When your DP knows what time it is... pic.twitter.com/TguAYgEjtj
— Susan Kelechi Watson (@skelechiwatson) 2017年11月22日
GREAT NEWS! #ThisIsUs has been picked up for a full season. 18 Episodes. Thanks @NBC! @chrissymetz pic.twitter.com/5KxgtBcE1B
— Chris Sullivan (@SullivanTweet) 2016年9月27日
――その現場で大変だった点は?
やはりキャラクターの感情を撮影するのが最も大変でしたね。例えば、ウィリアムが亡くなる時のランダルの涙や、シーズン1でジャックが家を出る時のレベッカの悲しみ、老人ホームで歌うケイトの喜びなどです。ですが、ハリウッドのトップクラスのカメラマン、ヘアメイク、デザイナーやアーティストが一緒に頑張ると、このような瞬間を素晴らしく描くことができます。
――お気に入りのTV番組は?
『60 Minutes』『プラネットアースII』のようなドキュメンタリー番組や、ESPNのスポーツドキュメンタリー番組が好きです。ケン・バーンズのドキュメンタリーもいいですね。ドラマは、撮影スタイルの参考のために観るくらいで、普段はそこまで観ないのですが、Netflixのドラマ『深夜食堂』はとても気に入って全話観てしまいました。それを観ると、日本に旅行した時に会った人たちを思い出します。

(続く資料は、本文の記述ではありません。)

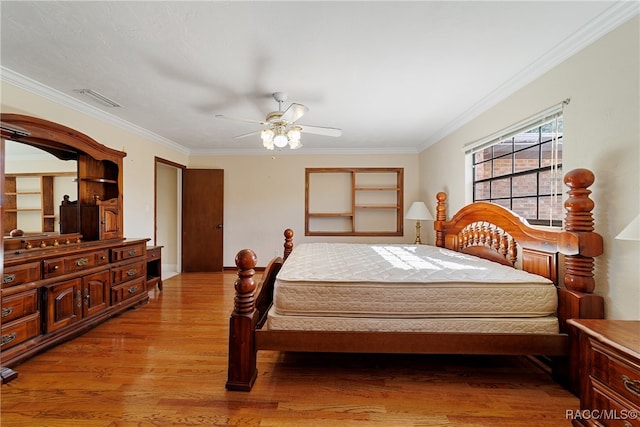 bedroom with ceiling fan, crown molding, and light hardwood / wood-style flooring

――先日アカデミー賞を受賞された辻一弘さんをはじめ、多くの日本人がアメリカのエンターテイメント業界で活躍している現状についてどうお感じですか? 辻さんと親交はおありですか?
正直、アメリカの映画業界で働いている日本人はあまり知らないんです。辻さんにもお会いしたことはありませんが、アカデミー賞を受賞されたのは素晴らしいと思います。撮影監督のマサノブ・タカヤナギ(高柳雅暢)とは知り合いで、彼のスタイルはとてもユニークです。あと、私のAカメラマン(カメラオペレーター)のジェームズ・タカタは日系4世です。私が学生だった2000年代は映画製作を勉強している日本人が大勢いましたが、みな日本へ帰りました。知り合いの中には日本で成功している人もいますよ。
――今後の夢を教えてください。
将来のことを考えるのはあまり好きではないのですが、夢を挙げるなら、脚本が素晴らしく、優れた監督が担当している作品を作ることですね。その作品がヒットしたらなおさら嬉しいです。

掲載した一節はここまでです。